By allowing this mass surveillance to occur, the NZ Government is perpetrating the devaluing of our industry.

From an ICT Industry perspective, IP is crucial, the government should be providing protection at our borders, rather than allowing the US, the UK, Australia, and the like carte blanche access to our data.

So how do we deal with this? From an industry perspective, the answer is two-fold. First, we must understand that our government has absolutely no control over the degree of surveillance that the country is subject too. Second, we must accept that the government cannot help us in a global, interconnected, environment where we are choosing to buy services from offshore and onshore.
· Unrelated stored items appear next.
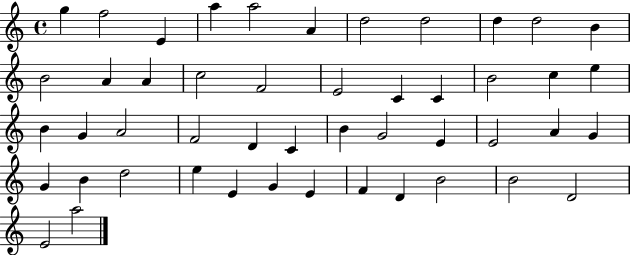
G5/q F5/h E4/q A5/q A5/h A4/q D5/h D5/h D5/q D5/h B4/q B4/h A4/q A4/q C5/h F4/h E4/h C4/q C4/q B4/h C5/q E5/q B4/q G4/q A4/h F4/h D4/q C4/q B4/q G4/h E4/q E4/h A4/q G4/q G4/q B4/q D5/h E5/q E4/q G4/q E4/q F4/q D4/q B4/h B4/h D4/h E4/h A5/h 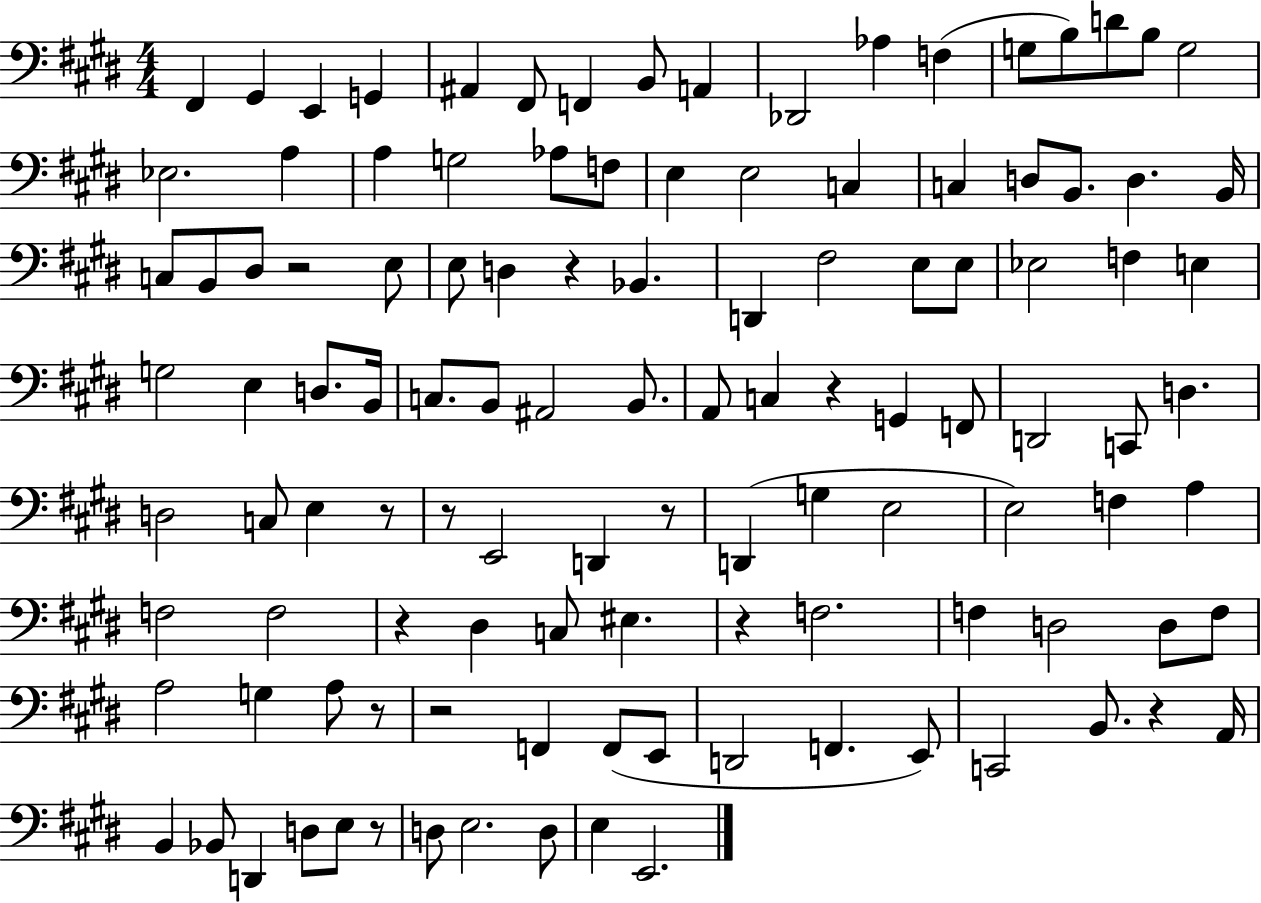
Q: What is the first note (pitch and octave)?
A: F#2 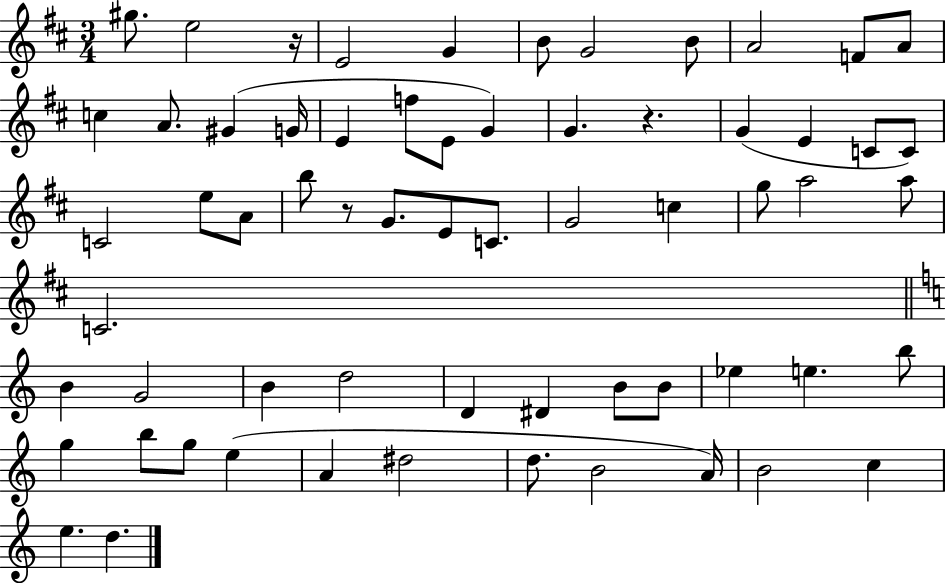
{
  \clef treble
  \numericTimeSignature
  \time 3/4
  \key d \major
  gis''8. e''2 r16 | e'2 g'4 | b'8 g'2 b'8 | a'2 f'8 a'8 | \break c''4 a'8. gis'4( g'16 | e'4 f''8 e'8 g'4) | g'4. r4. | g'4( e'4 c'8 c'8) | \break c'2 e''8 a'8 | b''8 r8 g'8. e'8 c'8. | g'2 c''4 | g''8 a''2 a''8 | \break c'2. | \bar "||" \break \key a \minor b'4 g'2 | b'4 d''2 | d'4 dis'4 b'8 b'8 | ees''4 e''4. b''8 | \break g''4 b''8 g''8 e''4( | a'4 dis''2 | d''8. b'2 a'16) | b'2 c''4 | \break e''4. d''4. | \bar "|."
} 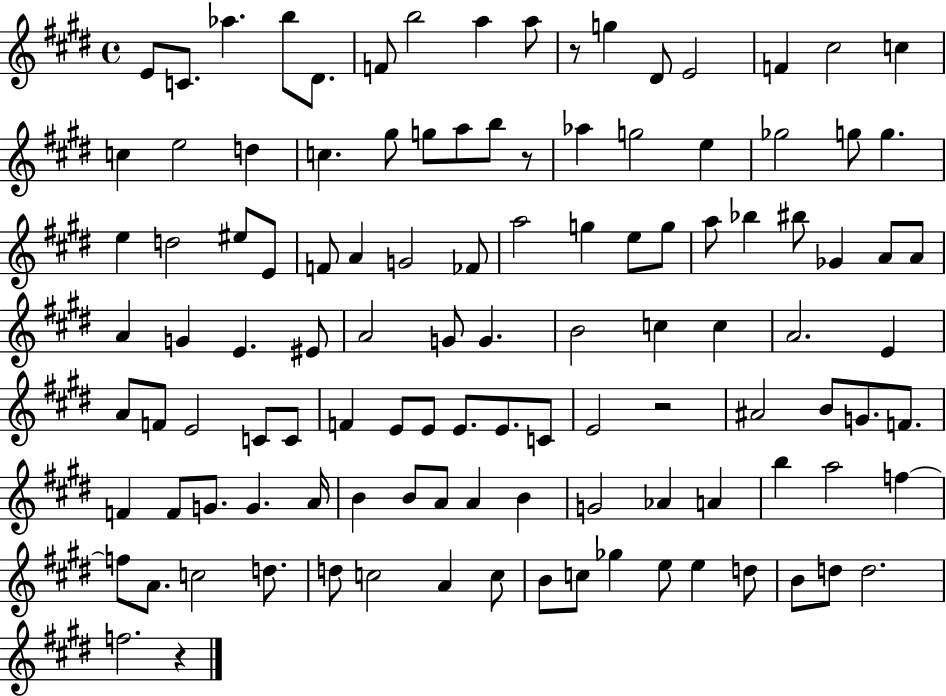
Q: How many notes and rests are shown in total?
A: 113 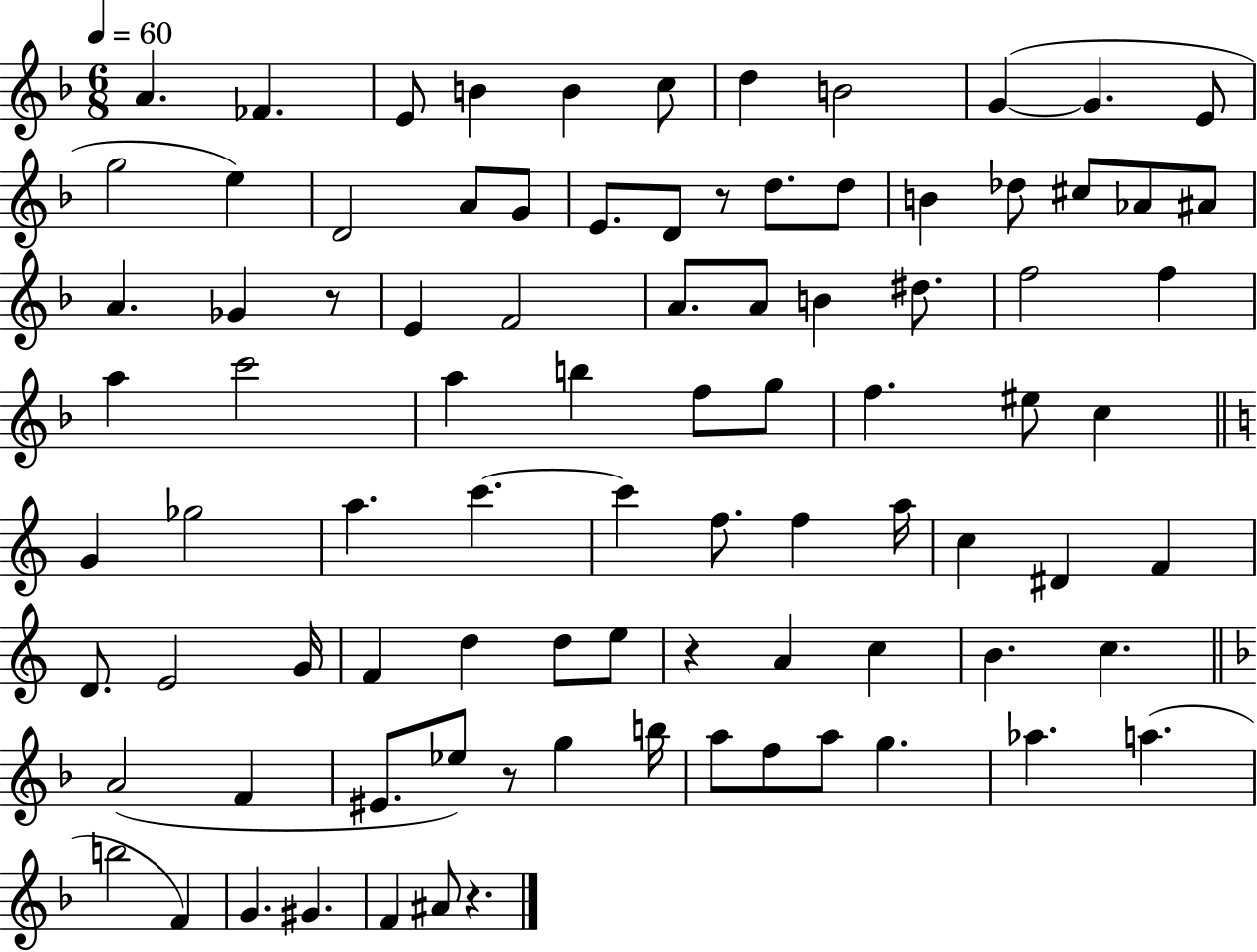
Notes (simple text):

A4/q. FES4/q. E4/e B4/q B4/q C5/e D5/q B4/h G4/q G4/q. E4/e G5/h E5/q D4/h A4/e G4/e E4/e. D4/e R/e D5/e. D5/e B4/q Db5/e C#5/e Ab4/e A#4/e A4/q. Gb4/q R/e E4/q F4/h A4/e. A4/e B4/q D#5/e. F5/h F5/q A5/q C6/h A5/q B5/q F5/e G5/e F5/q. EIS5/e C5/q G4/q Gb5/h A5/q. C6/q. C6/q F5/e. F5/q A5/s C5/q D#4/q F4/q D4/e. E4/h G4/s F4/q D5/q D5/e E5/e R/q A4/q C5/q B4/q. C5/q. A4/h F4/q EIS4/e. Eb5/e R/e G5/q B5/s A5/e F5/e A5/e G5/q. Ab5/q. A5/q. B5/h F4/q G4/q. G#4/q. F4/q A#4/e R/q. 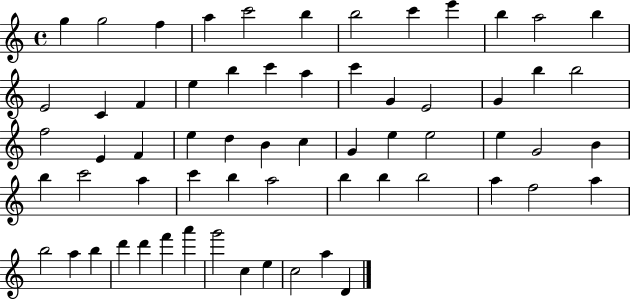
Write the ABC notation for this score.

X:1
T:Untitled
M:4/4
L:1/4
K:C
g g2 f a c'2 b b2 c' e' b a2 b E2 C F e b c' a c' G E2 G b b2 f2 E F e d B c G e e2 e G2 B b c'2 a c' b a2 b b b2 a f2 a b2 a b d' d' f' a' g'2 c e c2 a D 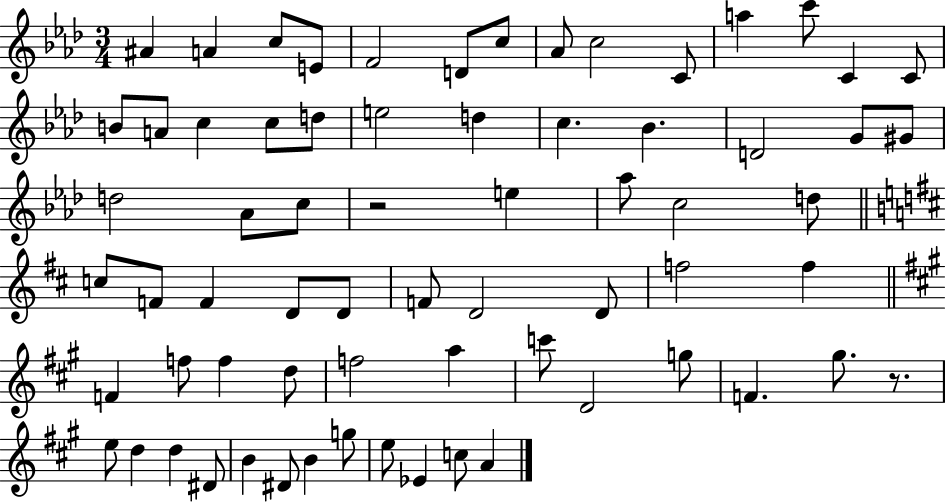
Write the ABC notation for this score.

X:1
T:Untitled
M:3/4
L:1/4
K:Ab
^A A c/2 E/2 F2 D/2 c/2 _A/2 c2 C/2 a c'/2 C C/2 B/2 A/2 c c/2 d/2 e2 d c _B D2 G/2 ^G/2 d2 _A/2 c/2 z2 e _a/2 c2 d/2 c/2 F/2 F D/2 D/2 F/2 D2 D/2 f2 f F f/2 f d/2 f2 a c'/2 D2 g/2 F ^g/2 z/2 e/2 d d ^D/2 B ^D/2 B g/2 e/2 _E c/2 A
As government agencies and private ICT companies we must hen protect our own data. There are many ways to do this, with some examples being:

  • Encrypt all data for an Cloud or local service where you are the only key holder. Any other method means that someone else ultimately has access to your date.
  • Only protect what is important, if necessary, create a private, offline, encrypted storage area where the most sensitive information is stored.
  • Do not use an telco based or shared service Cloud within New Zealand unless you can encrypt the data and hold the key. Everything else is open, thanks to TICS, PRISM, and the slew of other tools.
  • When using international Cloud services, as well as encryption, consider upgrading to homomorphic encryption and choose the largest providers (Amazon) so you are lost in the crowd.
  • The Department of Internal Affairs (separate from SIS, GCSB, and other spooks) has published a list of security providers that can help you. Consult with them. They are passionate and understand the need to protect IP and our data.
  • Realise that our government (GCSB and SIS) can’t protect you, that they are effectively, a part of the problem. They have no control over this and neither does the Prime Minister. His communications are being hoovered up (with more attention I would have thought) just like the rest of us.

One of the things that makes industry leaders most upset is the squandered opportunity that storing data and computing workloads in New Zealand could have brought us. In other words, the theory being that because we are part of the Five Eyes, EVERYTHING is up for grabs and New Zealand is not a secure place to store data.

I’m calling bullshit again.

If our local Cloud Providers can assure customers that encryption can be implemented where ONLY the customer holds the key, then we still have that advantage. If that customer is off shore, so much the better, because they aren’t subject to local laws about giving up passwords. So local Cloud Providers need to get those services up and running ASAP.

Government cannot save you. They are in thrall to a decades old spy system that there is no escape from. We must protect ourselves. We must ensure our industries are secure.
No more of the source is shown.